Even in this best-of-Western-towns, one of the top ten places to live, according to U.S. News and World Report, our homogenized nation crowds out the unique characteristics of the West so that it resembles Everyplace, America.

Well, not exactly. Bozeman's downtown remains distinctly Western with local stores, restaurants, and offices. And within minutes of the city lies an outdoor paradise.

Late afternoons found me on nearby rivers -- all within 15 to 30 minutes of the city -- catching rainbow and brown trout. The every-day detritus of civilization was far, far away. It was just me, the mountains, ranchland and fast-moving rivers full of fish. I can only hope that Heaven is this nice.

A media fellowship from the Property and Environment Resource Center (PERC) provided the luxury of time to study collaborations and conflicts of sportsmen, environmentalists, landowners, and stage agencies, focused on the competition for recreational use of public and private land. I also attended a PERC conference for journalists on water issues, a hot topic in the West.

PERC is a unique organization focused on the use of incentives to solve environmental problems, bringing a better understanding of how property rights, government bureaucracy and collaborative processes affect environmental problems and solutions. PERC's goal is to bring together economic thinking -- especially about ways that markets can solve environmental problems -- and environmental concerns.

I accepted the fellowship knowing that Montana has many successful collaborative projects, great landowner relations programs and activists who are devoted to their state's uniqueness and beauty. And of course, they have great fishing!

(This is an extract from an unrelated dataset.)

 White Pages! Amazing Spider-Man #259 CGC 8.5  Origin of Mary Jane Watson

It seemed like Maine could learn a lot from an examination of how these collaborations and programs work. And we can.

But something else astonished me and focused my attention in a new direction. Montana suffers from incredible conflicts, with sportsmen fighting guides and outfitters, ranchers closing their lands to all recreationists, nonresidents buying up most of the land and recreational property, massive sprawl, major problems over access to rivers and even battles between national and state environmental groups.

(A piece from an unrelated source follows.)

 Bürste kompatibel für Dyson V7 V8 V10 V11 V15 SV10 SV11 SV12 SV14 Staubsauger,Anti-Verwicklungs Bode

As I sorted it all out, a few things became apparent.

The further removed you are from the land and the local community, the more difficult it is to solve problems. National groups have constituencies and agendas that make compromise difficult. State and regional groups are better placed to forge practical solutions, and local people and groups are the real drivers of collaboration. The West is ahead of the curve in creating market-based solutions to environmental and recreational issues. Conservation groups purchase water rights to protect rivers and fish habitat. Sportsmen, guides, and outfitters lease private land for hunting and fishing. The state Fish, Wildlife and Parks Department collects fees from recreationists and gives the money to landowners for habitat protection and management and recreational access.

Maine is fortunate to have the new Natural Resources Network, an alliance of large and small landowners, farmers, commercial fishermen, aquaculture and sportsmen's groups. In Montana, these groups are antagonists.

Montana is our future. Maine landowners are going to start looking for ways to make money from recreational use of their property. Access to moving water, which is not guaranteed in Maine, will become more difficult. Sprawl will continue, especially as the beauty of our rivers is discovered. And traditional alliances are likely to break down over issues like habitat protection and recreational use of private and public lands.

But the news is not all bleak. New alliances can be built. Recreationists, landowners, and state agencies can find new ways that allow our special outdoor heritage to thrive. Maine can use markets and incentives to protect what we value. Indeed, we're going to have no choice in that. We'll get what we pay for in the future. Nothing will be free.

The good old days, my friends, are gone. But there's a new world out there, and if we escape our insularity we can pick from the good things others have done -- including our friends in Montana -- to shape a Maine that protects our spectacular quality of life.